In-Between-Time references Earth’s deep history.  I am interested in early life forms, especially those that have survived extinction periods and their relationship to us currently living in an extinction period. Groups of people in the paintings are often juxtaposed with magnified fossil forms just below the surface, of which they are seemingly unaware.

While working as a field geologist, I felt a deep insignificance with respect to geologic time and the vast northern landscape that surrounded me.  This always helped me put life in perspective; how small humans truly are.  Yet this smallness is only with respect to time, our footprint has been massive. Humans have already altered the biosphere dramatically. Geologists have even proposed that we are currently living in a new geologic time period called the Anthropocene, where human activity is the dominant influence on climate and the environment.

My work presents this division between natural geologic processes in the subsurface and the anthros on the surface.  A variety of delicate yet resilient fossil forms are referenced; Bryozoan, Syringopora, Stromatolites; all have their own unique story.

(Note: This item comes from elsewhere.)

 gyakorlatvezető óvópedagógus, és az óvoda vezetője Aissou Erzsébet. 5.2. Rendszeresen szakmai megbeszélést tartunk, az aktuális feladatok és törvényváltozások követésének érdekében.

Bryozoans are tiny animals that live in colonies and have been on this planet for 450 million years. They resemble a community to me; individuals living together, working together. They appear to be invading the landscape in some paintings. Bryozoans survived several extinction periods.

Syringopora are colonial coral fossils. Their magnified shapes are vertical structures separated by delicate filaments. In the paintings, these conduits connect deep time to modern time. Syringopora went extinct about 245 million years ago at the end of the Permian, in one of the largest mass extinctions ever.

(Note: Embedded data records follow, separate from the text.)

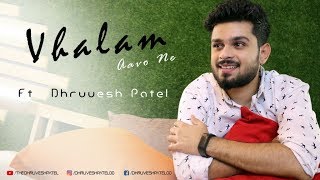Video thumbnail of "Valam Aavo Ne by Dhruvesh patel | Love Ni Bhavai | Sachin-Jigar | Gujarati Song"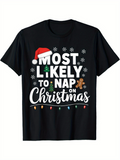 Men's T-Shirt Most Likely To Nap On Christmas With Gingerbread And Festive Trees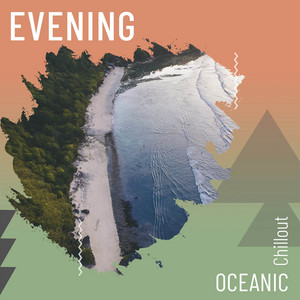zZz Evening Oceanic Chillout zZz album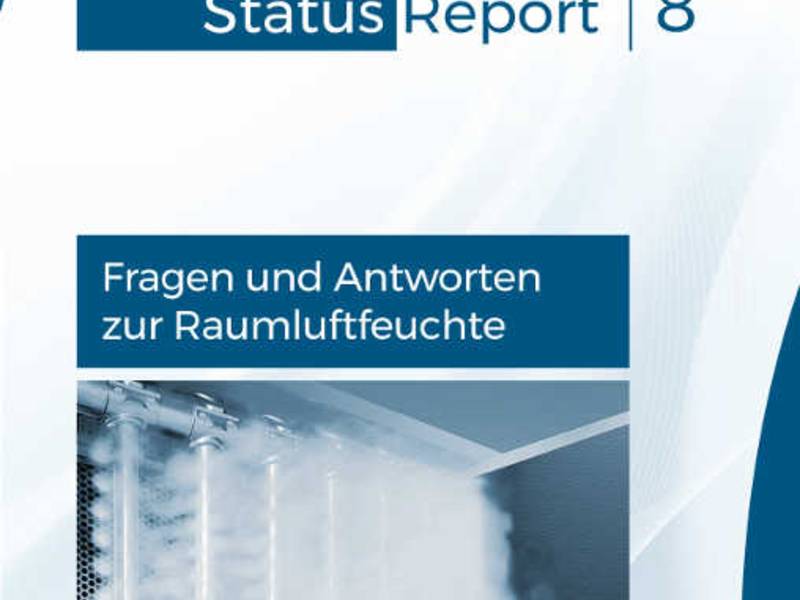 „Status-Report 8 – Fragen und Antworten zur Raumluftfeuchte“ aktualisiert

Stromatolites are communities of microbes that are considered to be the oldest fossils at 3.5 billion years. They lived in an oxygen depleted world, and through photosynthesis, helped to establish enough oxygen for life to truly flourish 540 million years ago, during the Cambrian explosion. In my mind stromatolites are the true survivors as some still exist today in saline shallow seas.

Earth has shown us that life flourishes, life is taken away, over and over again.

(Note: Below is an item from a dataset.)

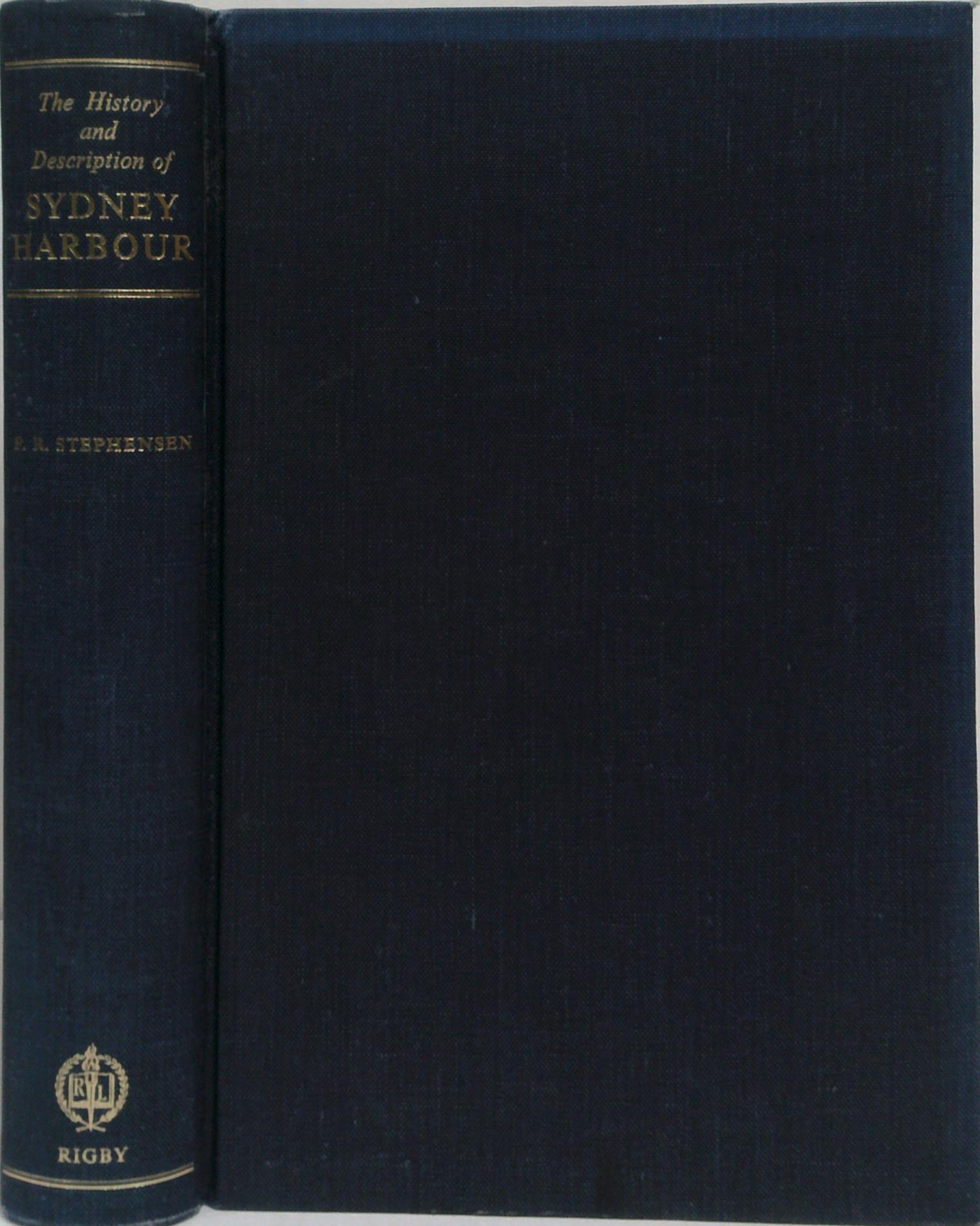 The History And Description Of Sydney Harbour by P. R. Stephensen ...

The humans in the paintings are portrayed as silhouettes on the surface and even within the stratigraphy, as just another layer. They are often in groups yet they seem separate from each other. It is as if they are waiting to see what comes next. They are uncertain, or maybe even clued out.  In some paintings there are no humans present.

In the rock record millions of years from now there may be evidence of the degree of human impacts on the planet but my guess is it will be a thin layer indicative of our time here. Geologic processes will once again continue to be the dominant force influencing our biosphere.  Earth will be fine.

Biography

Carol Wallace completed her Bachelor of Science degree with a geology major at the University of Calgary in the early 1990s. While working seasonally as a geologist, Carol moved to Nelson where she completed visual art classes with Kootenay School of the Arts and Oxygen Art Centre. She maintained her painting practice while working as a geologist, which included bedrock mapping for the Yukon Geological Survey and then starting her own company providing consulting services in geomorphology and terrain stability in the Columbia Basin. In 2008, Carol left her consulting business and now works full time in her studio in Nelson. Carol’s current work explores ideas and imagery informed by her former work as a geologist.